Title: Effects of endodontic acces cavity preparation techniques on sealing ability of root canal fillings

Introduction: The success of endodontic treatments is determined by the use of appropriate instrumentation, ideal access cavity configuration, root canal exploration and preparation, complete disinfection of the canal, and the construction of a wall-tight and hermetically sealed root canal filling. Traditional endodontic access cavity shaping (TEC) involves the creation of a cavity on the occlusal surface of the tooth, followed by the appropriate opening of the pulp chamber of the tooth to provide access to the canal openings. In the case of the truss endodontic access cavity (TREC) shaping method, part of the pulp chamber roof is retained, providing separate access to each root canal.

Objective: The aim of this research is to compare the adaptation of root canal filling to the wall of the root canal in case of the two access cavity shaping methods (TEC and TREC).

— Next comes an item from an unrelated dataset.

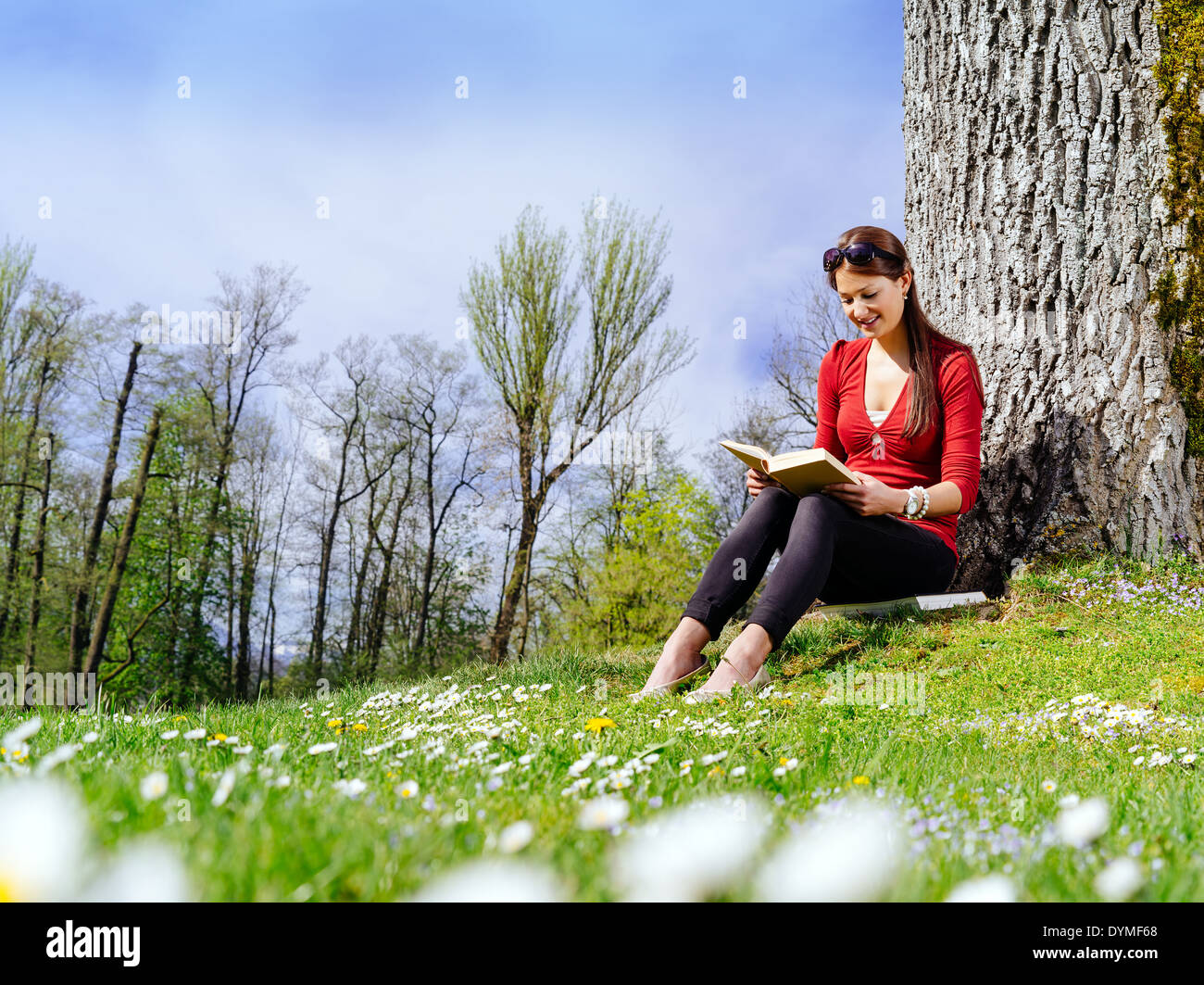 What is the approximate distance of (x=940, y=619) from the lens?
414cm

Methods: In our study, 6-6 molar teeth were prepared using TEC and TREC access cavity shaping methods, followed by root filling and obturation of the crown. Using a slicing machine, 3 equal sections were made from the roots of the teeth: the first section was made at the enamel-cement boundary, the second section in the middle third of the root and the third section in the apical third. Photographs of the sections were taken using a macro lens. Each of the three incisions allowed the measurement of the area of the root filling and the resulting gaps on 2 to 2 surfaces. The area of root fillings and gaps were measured using the software “Image-Pro Insight”. The presence of gutta-percha was examined in sections taken in the apical third. The results obtained were subjected to statistical analysis using Mann-Whitney and Chi-square tests.

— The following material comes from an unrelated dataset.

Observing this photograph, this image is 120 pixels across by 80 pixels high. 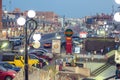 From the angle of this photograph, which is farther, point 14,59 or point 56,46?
point 56,46

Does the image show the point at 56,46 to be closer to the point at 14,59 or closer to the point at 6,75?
the point at 14,59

Results: No significant differences were observed between the coronal, middle and apical thirds in terms of root filling area. For the two access cavity shaping methods (TEC and TREC), the presence or absence of gaps – between the root filling and the wall of the root canal – did not show statistically significant differences in the coronal and middle thirds. However, significantly fewer gaps were observed in the apical third in the TEC-prepared group than in the TREC-prepared group (p=0.01). There was no significant difference between the two groups in the presence of gutta-percha in the apical third (p=0.43).

Conclusion: Our study suggests that, although there is no difference in the edge adaptation of the root filling in the coronal and middle thirds for the two access cavity shaping methods, the TEC method is more accurate in the apical third. Endodontic treatment is more successful, especially for a beginner dentist, when using traditional acces cavity shaping to open up the root canals.